Such footage is rare, due to the severe constraints faced by journalists in the besieged enclave and the constant danger to their lives. But these executions, which did not appear to have any security rationale, are consistent with the testimonies of six Israeli soldiers who spoke to +972 Magazine and Local Call following their release from active duty in Gaza in recent months. Corroborating the testimonies of Palestinian eyewitnesses and doctors throughout the war, the soldiers described being authorized to open fire on Palestinians virtually at will, including civilians.
The six sources — all except one of whom spoke on the condition of anonymity — recounted how Israeli soldiers routinely executed Palestinian civilians simply because they entered an area that the military defined as a “no-go zone.” The testimonies paint a picture of a landscape littered with civilian corpses, which are left to rot or be eaten by stray animals; the army only hides them from view ahead of the arrival of international aid convoys, so that “images of people in advanced stages of decay don’t come out.” Two of the soldiers also testified to a systematic policy of setting Palestinian homes on fire after occupying them.
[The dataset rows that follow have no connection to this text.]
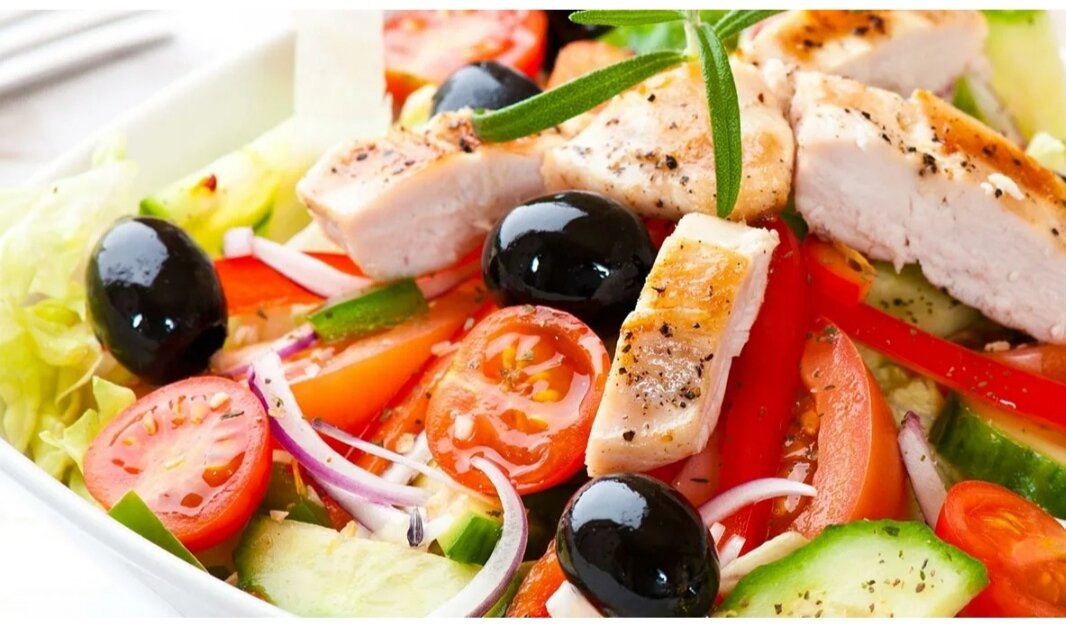 Греческий салат с курицей.
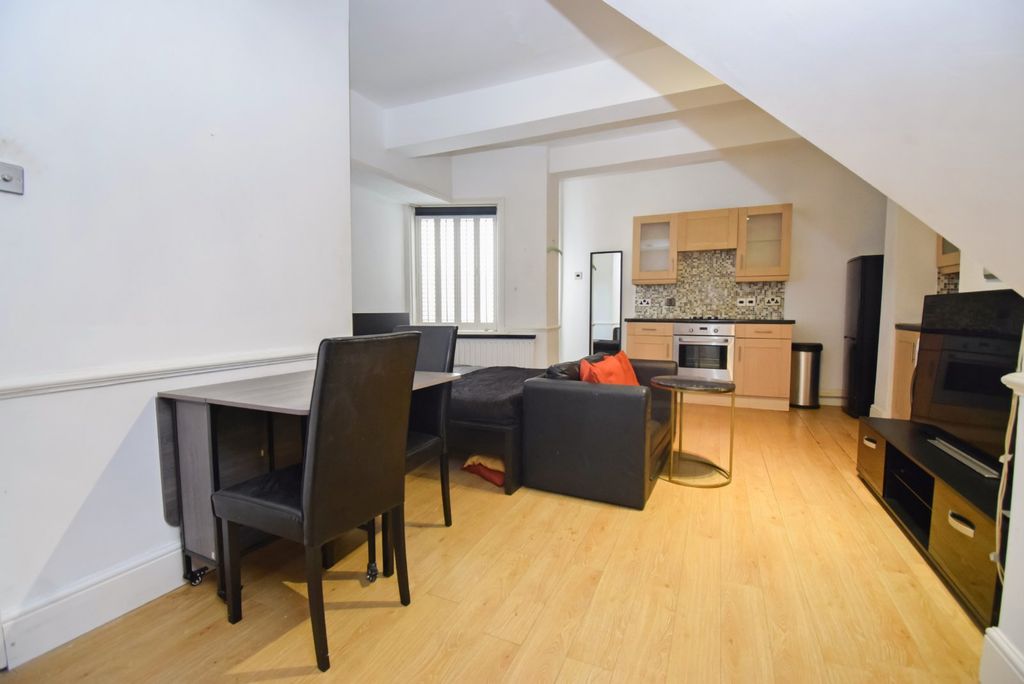 Additional image 5 of Studio for saleBath Road, Taplow, Maidenhead, Buckinghamshire SL6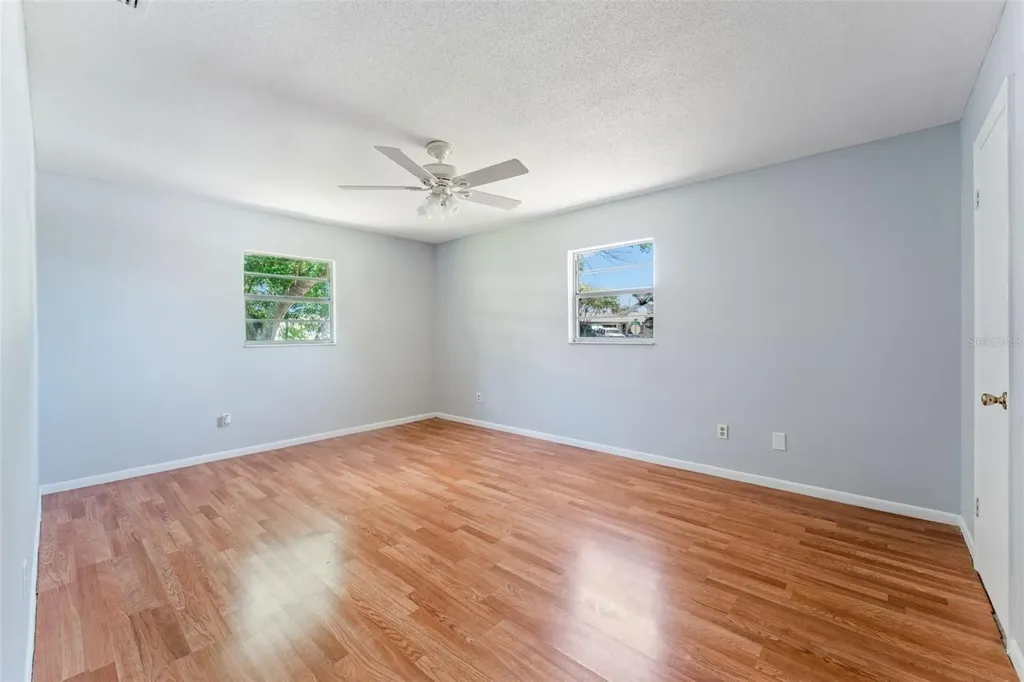1754 Foxboro Drive Orlando FL 32812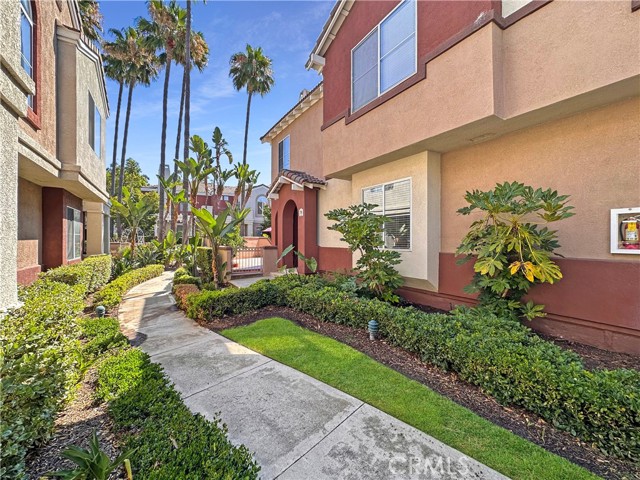 Property photo of 76 Anacapa CT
Several sources described how the ability to shoot without restrictions gave soldiers a way to blow off steam or relieve the dullness of their daily routine. “People want to experience the event [fully],” S., a reservist who served in northern Gaza, recalled. “I personally fired a few bullets for no reason, into the sea or at the sidewalk or an abandoned building. They report it as ‘normal fire,’ which is a codename for ‘I’m bored, so I shoot.'”
Since the 1980s, the Israeli military has refused to disclose its open-fire regulations, despite various petitions to the High Court of Justice. According to political sociologist Yagil Levy, since the Second Intifada, “the army has not given soldiers written rules of engagement,” leaving much open to the interpretation of soldiers in the field and their commanders. As well as contributing to the killing of over 38,000 Palestinians, sources testified that these lax directives were also partly responsible for the high number of soldiers killed by friendly fire in recent months.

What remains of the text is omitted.